Кузнец слушал разговоры вполуха, всё витая в своих мыслях. Изяславу с отцом всегда было что обсудить. Они вдвоём торговлей занимались — с севера на юг пушнину везли, возвращались с возами зерна и соли. Радогор в их дела не вмешивался, у него своё ремесло было, и семья им за это гордилась. Нередко и мечи да украшения его работы отец в град возил, всегда с хорошей выручкой возвращаясь.
За деревьями уж и подворье охотничье показалось. Лесной воздух с запахом дубового отвара и мочёных шкур смешался. Изба у охотника небольшая была, простая, за ней станки дубильные со шкурами виднелись. Стол праздничный прям под открытым небом для них накрыли — жаль в такую погоду под крышей сидеть. Родители невесты гостей хлебом-солью встречают, а рядом девочка лет тринадцати кланяется.
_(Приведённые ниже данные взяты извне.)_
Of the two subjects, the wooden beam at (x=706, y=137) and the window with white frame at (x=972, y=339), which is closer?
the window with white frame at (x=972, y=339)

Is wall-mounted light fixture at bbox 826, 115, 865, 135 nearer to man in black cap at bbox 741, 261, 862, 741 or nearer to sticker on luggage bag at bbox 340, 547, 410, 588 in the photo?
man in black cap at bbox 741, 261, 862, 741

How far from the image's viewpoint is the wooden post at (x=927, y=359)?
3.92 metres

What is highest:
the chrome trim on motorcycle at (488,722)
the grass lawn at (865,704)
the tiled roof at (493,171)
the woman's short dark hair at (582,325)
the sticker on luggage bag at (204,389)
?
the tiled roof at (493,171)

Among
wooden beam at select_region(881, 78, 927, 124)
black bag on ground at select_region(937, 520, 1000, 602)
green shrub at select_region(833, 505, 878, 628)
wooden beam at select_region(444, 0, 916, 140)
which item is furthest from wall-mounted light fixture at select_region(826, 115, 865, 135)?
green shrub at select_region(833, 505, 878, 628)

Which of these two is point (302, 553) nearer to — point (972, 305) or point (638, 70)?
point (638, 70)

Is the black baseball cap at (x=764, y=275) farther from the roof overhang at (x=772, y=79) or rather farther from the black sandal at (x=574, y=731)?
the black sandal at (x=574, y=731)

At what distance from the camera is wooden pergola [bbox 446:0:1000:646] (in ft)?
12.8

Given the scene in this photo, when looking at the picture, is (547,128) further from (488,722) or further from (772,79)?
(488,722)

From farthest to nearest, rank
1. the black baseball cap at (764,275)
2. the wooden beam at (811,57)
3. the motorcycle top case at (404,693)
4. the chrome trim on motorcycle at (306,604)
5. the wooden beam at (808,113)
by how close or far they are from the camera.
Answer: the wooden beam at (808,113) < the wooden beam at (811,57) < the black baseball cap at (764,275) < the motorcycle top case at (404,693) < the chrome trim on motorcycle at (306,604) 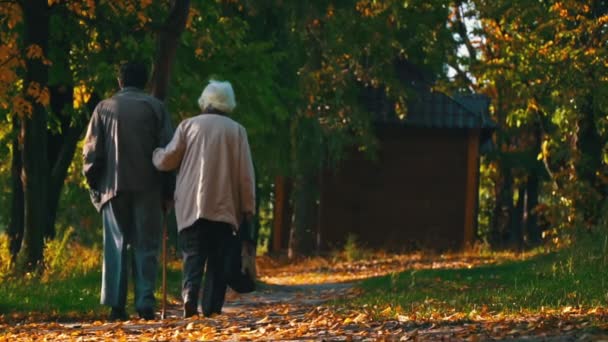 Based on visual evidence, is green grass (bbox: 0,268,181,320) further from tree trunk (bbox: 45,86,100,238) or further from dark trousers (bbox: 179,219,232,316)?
tree trunk (bbox: 45,86,100,238)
— Эта что ль невеста? — спросил кузнец брата.
— Нет, это сестра её, Велена.
— А где же наша наречённая? — спросил с улыбкой Велеслав, с коня спешиваясь. Он с Любомиром давно дружен был, его меха на ярмарках первыми раскупали, и снова встретиться с ним было и приятно, и радостно.
— Здесь я!
Все обернулись на голос и обомлели, когда Златояра из-за деревьев вышла. В руке её лук тугой был, с пояса три зайца свисали. Одета по-мужски, поверх рубахи телогрейка волчья, из сапога рукоять ножа охотничьего торчит. Сама растрёпанная, лицо и руки пеплом и кровью перемазаны. Смотрит на гостей прямо и гордо, глаз не отведёт, не застыдится.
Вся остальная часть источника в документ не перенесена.